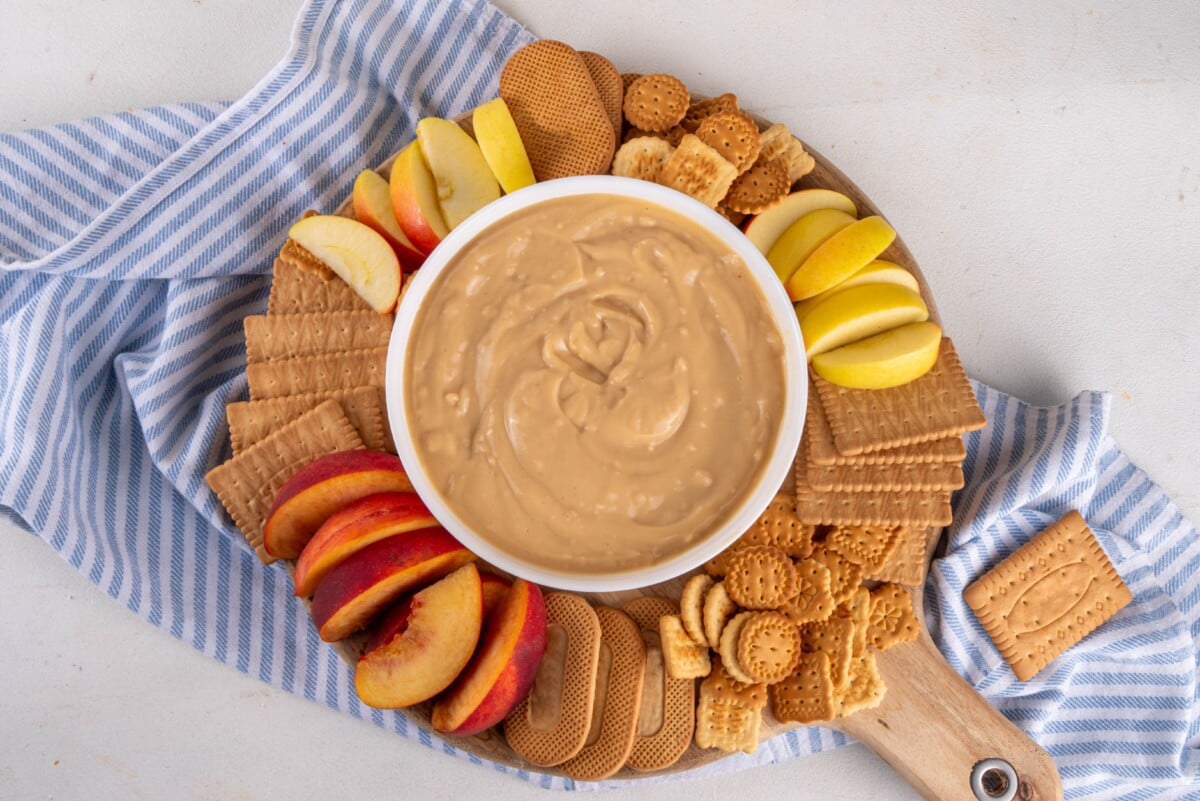 Pumpkin fluff dip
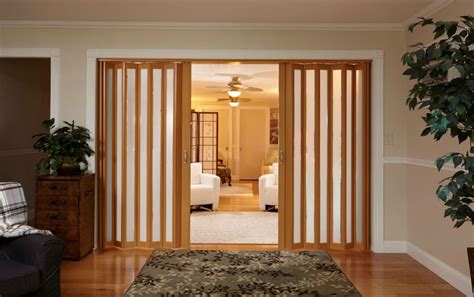 Woodfold 4100 Acoustical Accordion Door | Accordion-Doors.com by Specialty Doors & Hardware ...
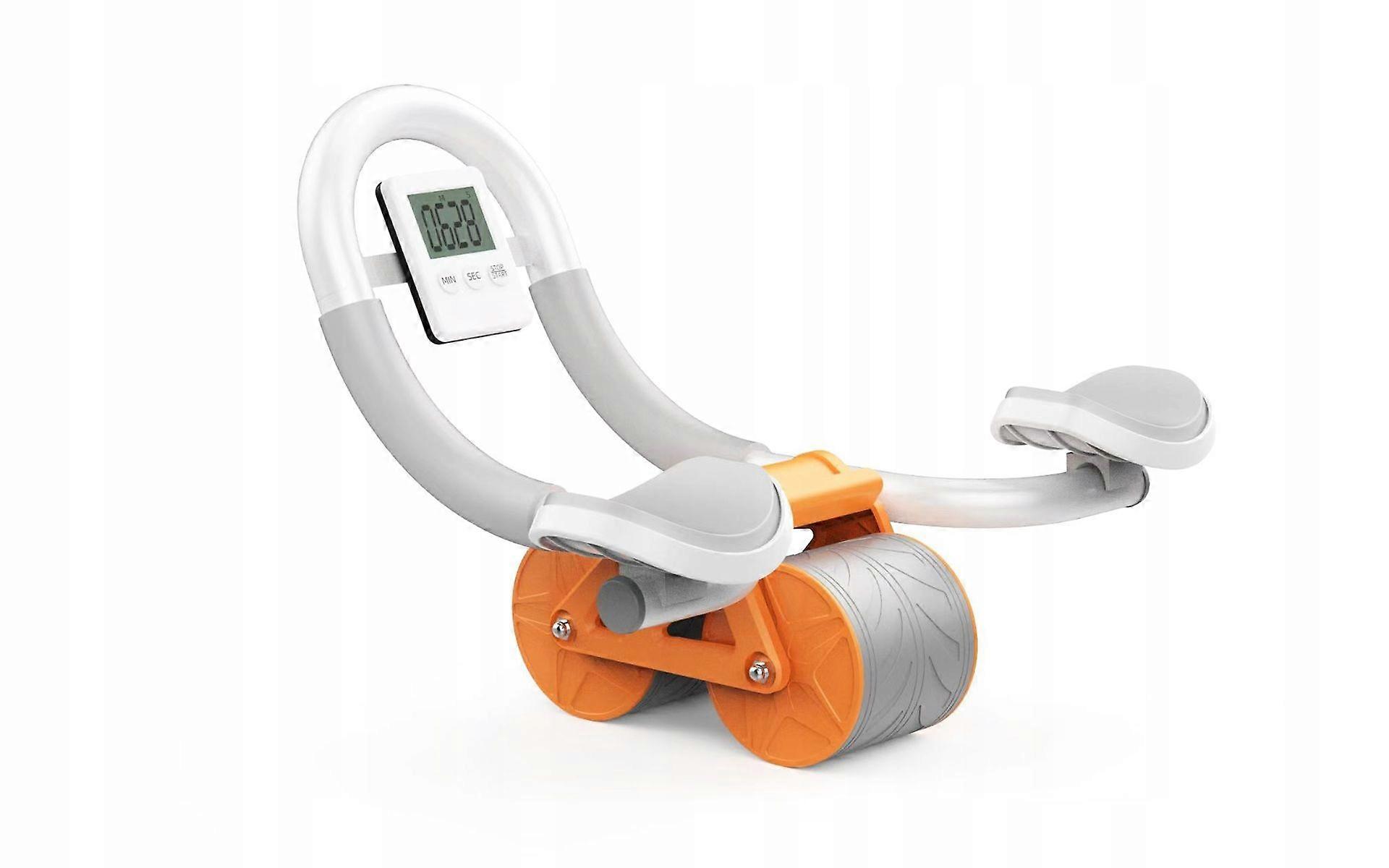 Kodin kuntoilulaitteet lähellä vatsaa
****
** WHAT THE TASK ASKS **
Word for word, give again the lines from the line holding "Woodfold 4100 Acoustical" through the last line of the material, both included; pictures are not part of the copy.

** OUTPUT OF THE EXERCISE **
 Woodfold 4100 Acoustical Accordion Door | Accordion-Doors.com by Specialty Doors & Hardware ...
 Kodin kuntoilulaitteet lähellä vatsaa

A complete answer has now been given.